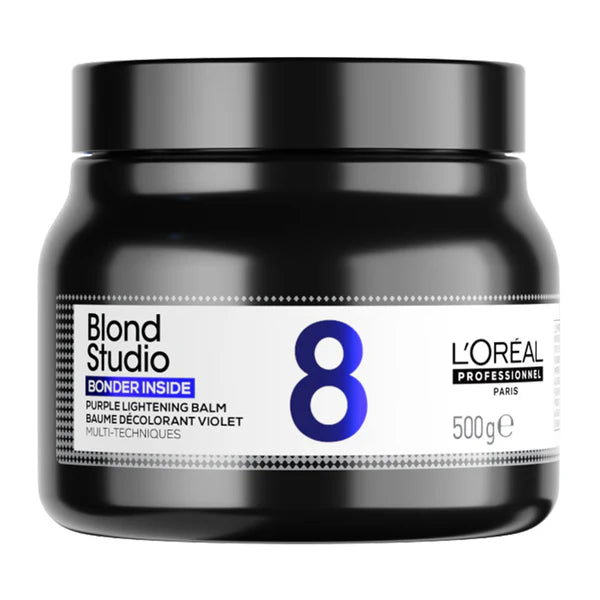 L'Oreal Blond Studio 8 purplelightening balm jar on a white background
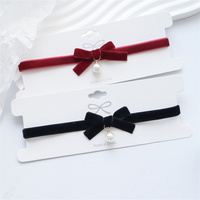 Doux Vin Rouge Noir Velours Collier Ras Du Cou Parti Colliers Bijoux Arc Perle Collier Ras Du Cou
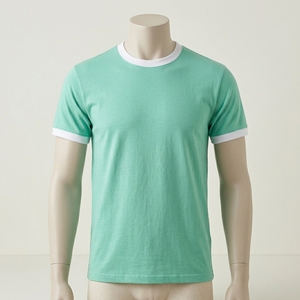 Men Light <b>Weight</b> Breathable Combed Cotton Fabric Solid Color Crew Neck Short Sleeve <b>Blank</b> Design T Shirt Wholesale Price - Product Image 4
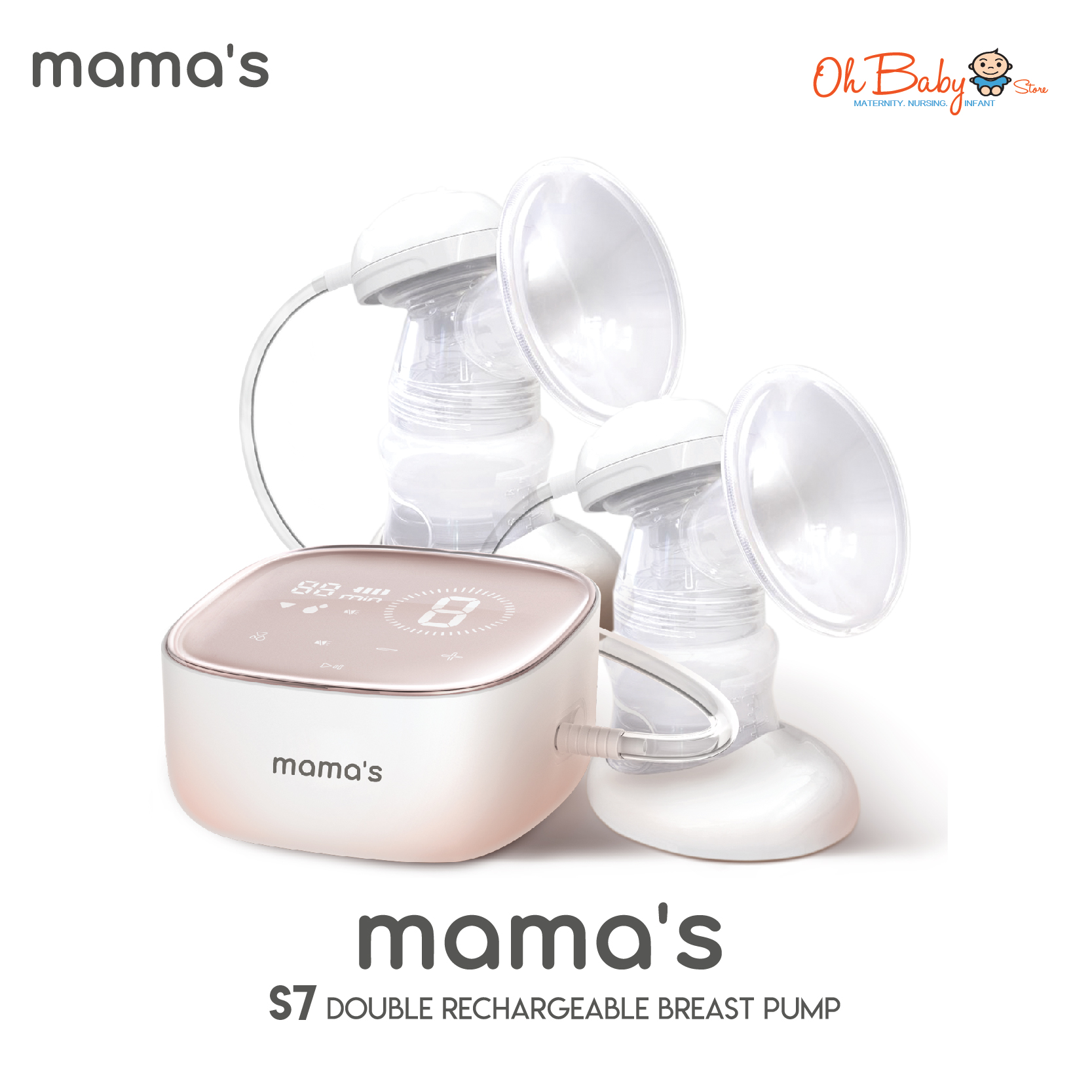 Mamas S7 Double Rechargeable Electrical Breast Pump Package with 3D Silicone Breast Shield | Oh Baby Store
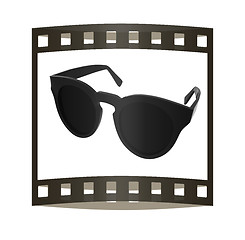 Image showing Cool black sunglasses. 3d illustration. The film strip.
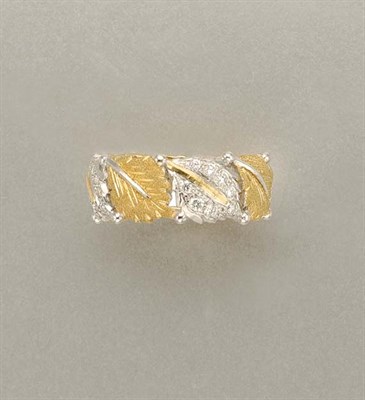 Lot 1239 - Two-Color Gold and Diamond Band Ring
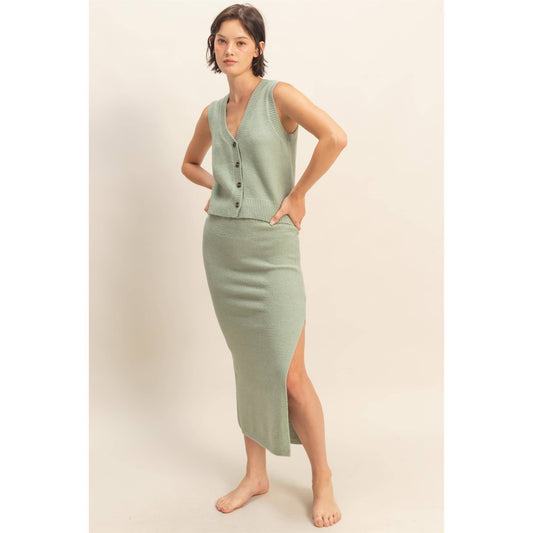 Button Front Vest & Midi Skirt Knit Set: SAGE GREEN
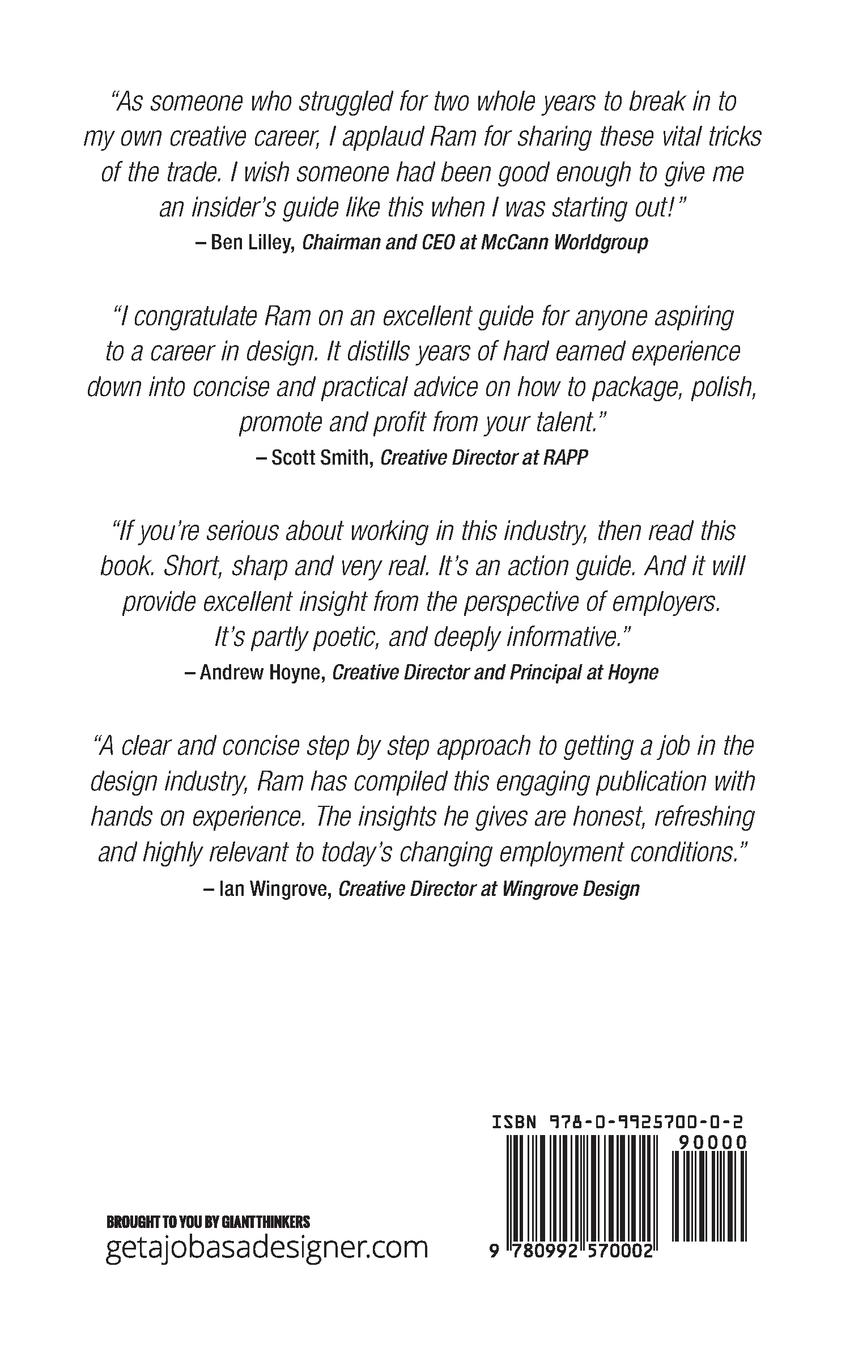 Rückseitencover How to Get a Job as a Designer, Guaranteed - The Most Effective Step-By-Step Guide for Design Students and Graduates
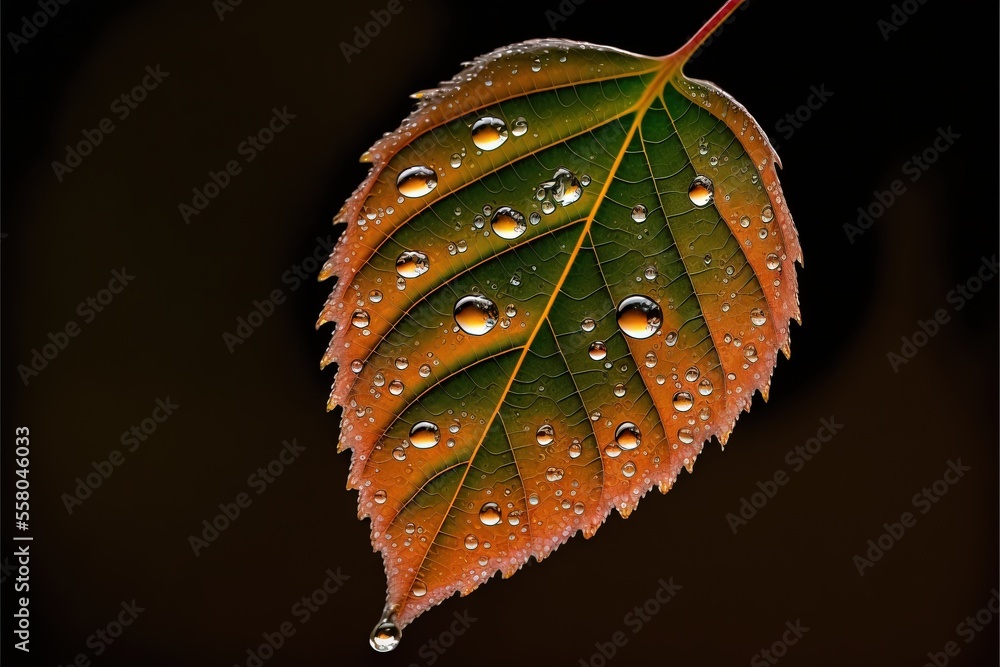 Poster a leaf with water drops on it is shown in this image of a leaf with water droplets on it is shown in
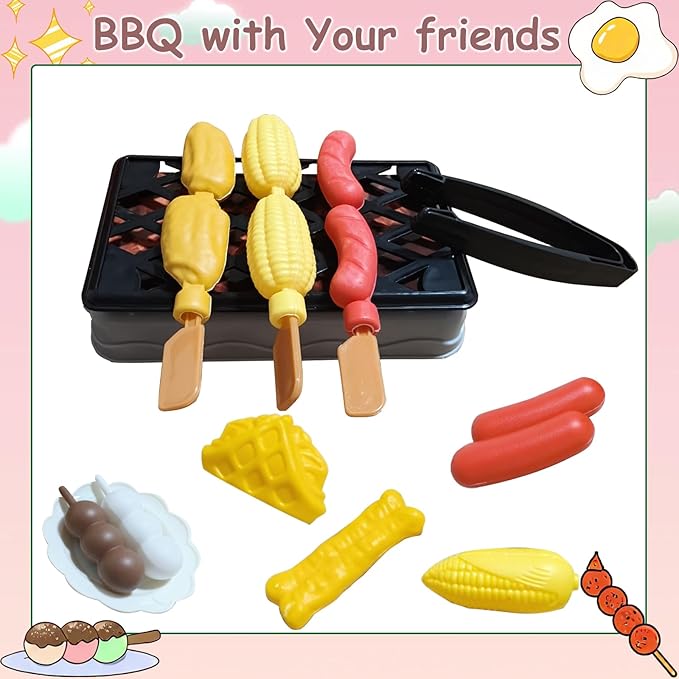 Kids Kitchen Toy Accessories, 61PCS Toddler Pretend Cooking Play Pots, Kitchen Playset, Play Pots, Pans, Utensils Cookware Toys, Play Food Set, Vegetables, Learning Gift for Girls Boys (Pink)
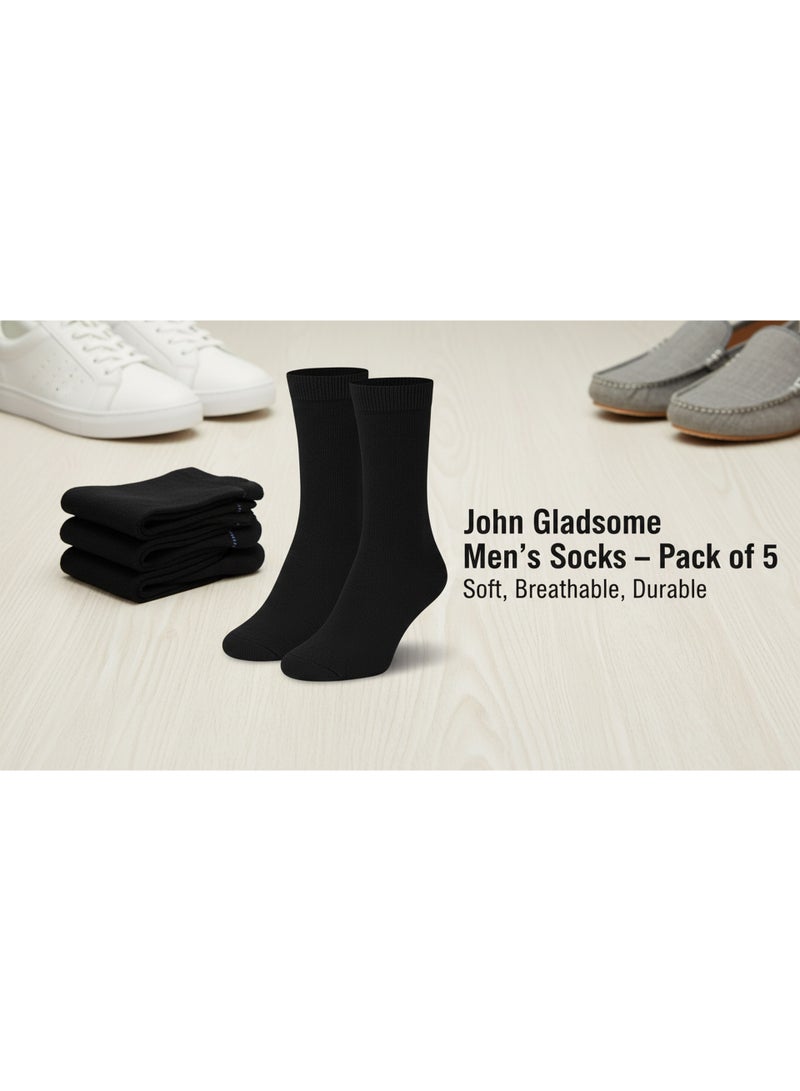 John Gladstone جوارب جون غلادستون للرجال بلون أسود، عبوة من 5 - Image 4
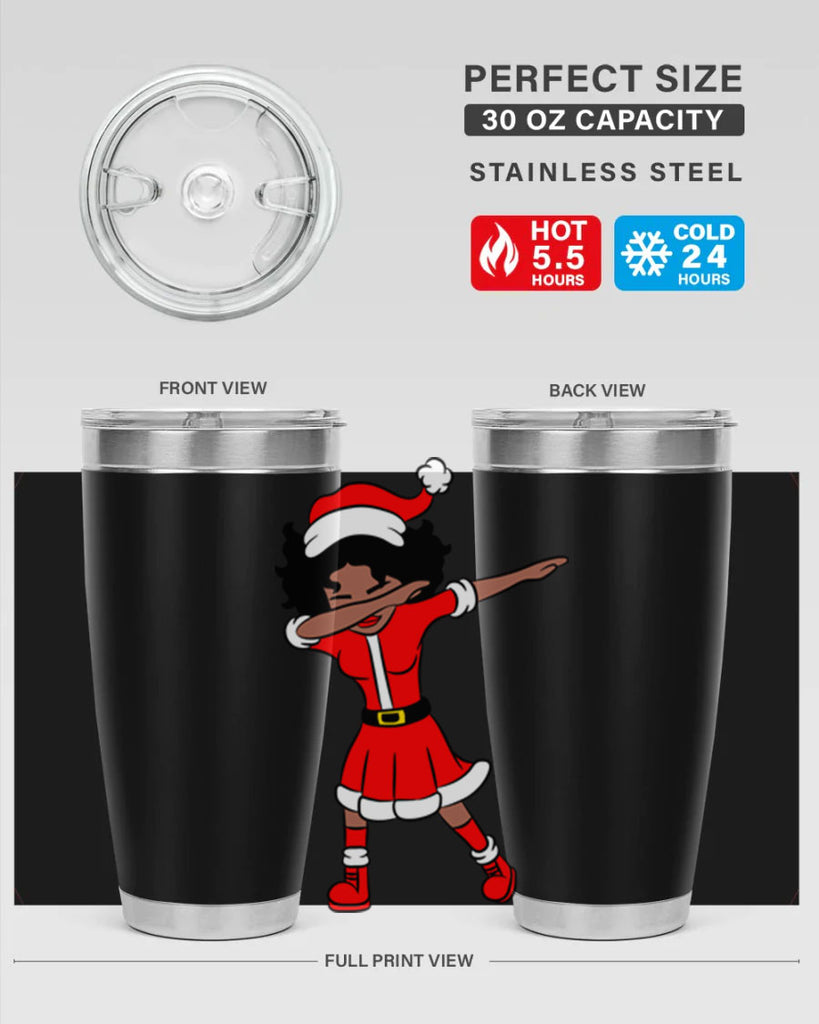 dabbing santa claus afro girl 50#- women-girls- Tumbler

● **Instructions for the task**
Copy out every line of the data exactly, leaving the images behind.

● **Your solution**
 L'Oreal Blond Studio 8 purplelightening balm jar on a white background
 Doux Vin Rouge Noir Velours Collier Ras Du Cou Parti Colliers Bijoux Arc Perle Collier Ras Du Cou
 Men Light <b>Weight</b> Breathable Combed Cotton Fabric Solid Color Crew Neck Short Sleeve <b>Blank</b> Design T Shirt Wholesale Price - Product Image 4
 Mamas S7 Double Rechargeable Electrical Breast Pump Package with 3D Silicone Breast Shield | Oh Baby Store
 Image showing Cool black sunglasses. 3d illustration. The film strip.
 Lot 1239 - Two-Color Gold and Diamond Band Ring
 Button Front Vest & Midi Skirt Knit Set: SAGE GREEN
 Rückseitencover How to Get a Job as a Designer, Guaranteed - The Most Effective Step-By-Step Guide for Design Students and Graduates
 Poster a leaf with water drops on it is shown in this image of a leaf with water droplets on it is shown in
 Kids Kitchen Toy Accessories, 61PCS Toddler Pretend Cooking Play Pots, Kitchen Playset, Play Pots, Pans, Utensils Cookware Toys, Play Food Set, Vegetables, Learning Gift for Girls Boys (Pink)
 John Gladstone جوارب جون غلادستون للرجال بلون أسود، عبوة من 5 - Image 4
 dabbing santa claus afro girl 50#- women-girls- Tumbler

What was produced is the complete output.